The main reason small businesses have thrived has been their exposure to the Canadian consumer. In a recent CIBC World Markets paper on SMEs, Tal noted that consumers, “opening their wallets,” were able to sustain the economy and move Canada back into economic growth. Tal gives a lot of credit to Canada’s booming housing market for this consumer spending. The combination of low interest rates and a strong market made consumers feel more wealthy, the economist said. At the same time, each home sale generates about $20,000 in additional consumer spending on items like furniture, appliances and services. Together, the construction industry and the real estate industry have added 200,000 new jobs since 2010, and most of them, nearly 70 per cent, have been in SMEs.
That reliance on domestic consumer spending could be coming to an end, however. In Tal’s view, Canadian consumers may not have much more to give. They are “just about maxed out” on debt-fueled consumption. Many SMEs will therefore have to change their business models if they want to maintain the level of performance achieved in the last cycle. Rather than focusing on the domestic consumer, they should be turning their attention outward, to world markets like Europe and the US. With the loonie down about 30 per cent since September 2012, now is a favourable time for exporters big and small.
Key to their success will be their ability to innovate, he believes, and small businesses could have an advantage here. Large exporting and manufacturing companies tend to cut spending on research and development when business conditions are good, potentially weakening their future productivity growth.

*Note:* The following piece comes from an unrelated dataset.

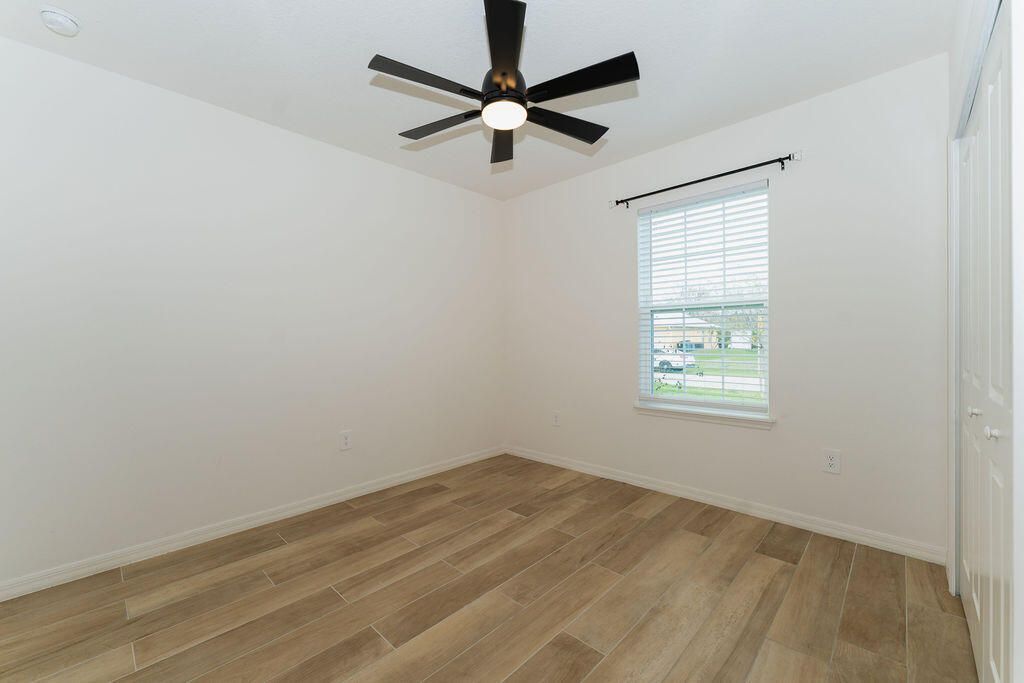 138 SW Carter Avenue, Port Saint Lucie, FL 34983 Photo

But small businesses, particularly those that are already exporting, tend to invest more in R & D, putting them in a position of strength, according to Tal. “As long as spending doesn’t slow down, they can gain ground on their larger export peers by reaping the benefits of better productivity growth.”
With consumer spending expected to slow, it “makes sense” for SMEs to review their options with regard to exporting, especially now that the near-parity loonie, which caused such pain in the export and manufacturing sector is now “a thing of the past.”
Tal says that SMEs in Alberta, which are hardest hit by falling oil prices, have the most room to add export capacity. Small businesses in Alberta generate less revenue from exports than their peers in other provinces, he said.